Wel­cher Art sind dialektische Wider­sprüche?

Man muss sich hüten, Hegels Po­lemik gegen die formale Lo­gik zu wörtlich zu neh­men. Es ist anzunehmen, dass auch Hegels Dialektik prinzipiell nicht um eine Mi­ni­mallo­gik herumkommt. Nun hat Poppers Explikation der hegelschen Dialektik durch sein aussagen­lo­gisches Modell ja den Zweck scheinbar doch erfüllt, eine Kon­tradiktion nachzuwei­sen, indem sie einfach die aus­sagenlogische Kontradiktion als das Wesen der Dialektik postulierte. Zynischerweise könn­te man daher sagen, Popper habe damit sein Ziel des Nachweises der Irratio­nalität zu 100 % er­reicht. Offenbar kann sich Poppers Explikation auf gewisse Deklarationen Hegels und ei­niger dem nachfolgender Marxisten stützen, welche Dialektik und formale Logik ein­ander als un­ver­einbar (widersprüchlich?!) gegenüberstellen oder das Kontra­dik­tionsverbot aufheben wollen. Die­se De­klarationen sind aber wenig wert in Anbe­tracht der Unklarheit derjeni­gen, die da so spre­chen, ge­rade über das, wovon sie sprechen. Es wäre daher zur Verdeutlichung des gemein­ten Streitfalles immer auch die praktizierte Methodologie heranzuziehen. Meist sind diese De­klarationen nicht über mehr als ein Programm zu einer Logik hinausgekommen.

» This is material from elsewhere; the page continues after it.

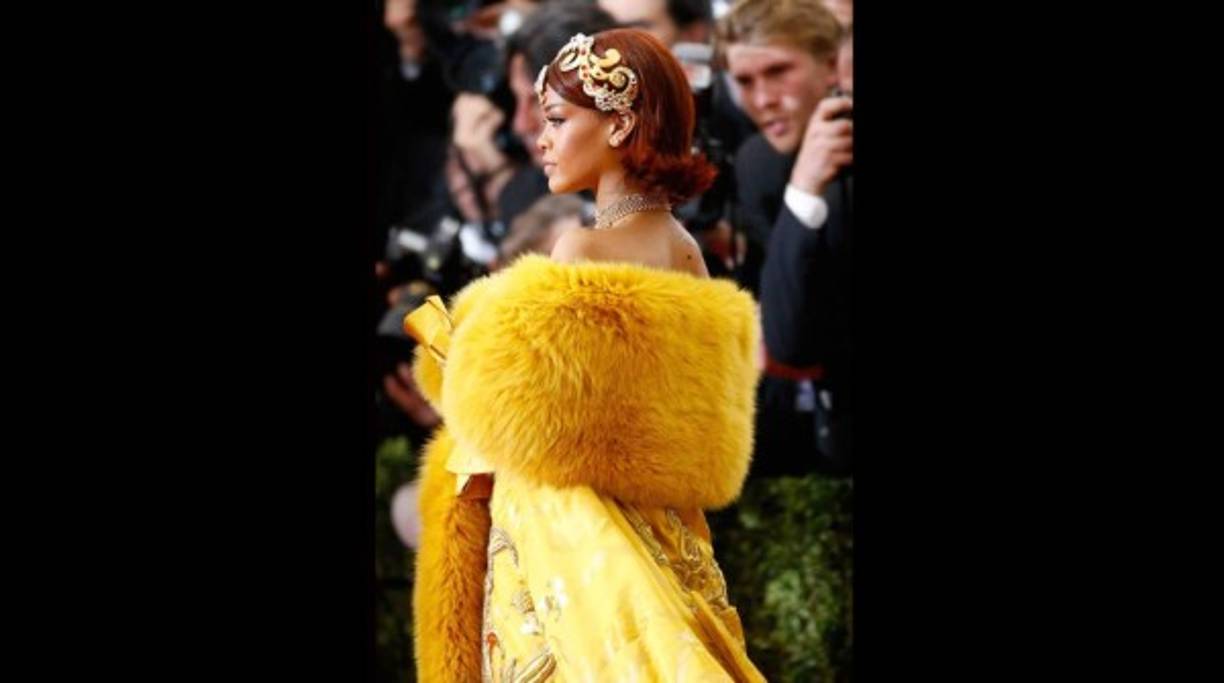 La cantante pop sin duda alguna fue una de las más comentadas en las redes sociales.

So zahlt Poppers Explikationsversuch ihren leichten Sieg damit, das in Frage ste­hende Pro­blem zu trivialisieren. Anscheinend ging es hierbei nicht mehr um Philo­sophie, sondern um Rhetorik, ge­mäß der Zielsetzung einer „Kampfinterpretation“: Wie stelle ich die gegnerische Position mög­lichst so dar, dass ihre Irrationalität so­fort in die Augen springt? Es ist daher gut das Argument der Verteidiger dialek­ti­schen Denkens nachzuvollziehen, dass eine derartige Formalisierung nicht schon den Gedanken dialektischer Methode erfasse. Man darf es sich je­denfalls nicht so leicht ma­chen und einfach Poppers Kritik folgen, Hegels Dialektik sei nichts als eine reine Immunisierungsstrategie. Denn Hegels dialektische Methode ist nicht nur äu­ßer­lich kritisierbar, sondern auch immanent widerlegbar, wie Marx in seiner „Kritik des He­gel­schen Staatsrechts“ ge­zeigt hat. Widerlegbar, indem man sie an Hegels Ansprüchen an sei­ne eigene Methode misst, und darüber hinaus zu­mindest noch widerlegbar durch die Konfron­ta­tion mit den Anforderungen einer Mi­nimallo­gik. Laut Kuhn arbeiten Wissenschaftler nach einem Paradigmawechsel, der stets als ein Gestaltwechsel aufgefasst werden müsse, in einer an­deren Welt (An­dersson 1988a:36f). Was ist dies aber anderes als eine moderne Formulierung der he­gelschen Subjekt-Objekt-Dialektik? Dem­zufolge sind auch die philosophi­schen Prä­mis­sen dieser Methode kritisierbar, aber freilich nur für einen Philoso­phen.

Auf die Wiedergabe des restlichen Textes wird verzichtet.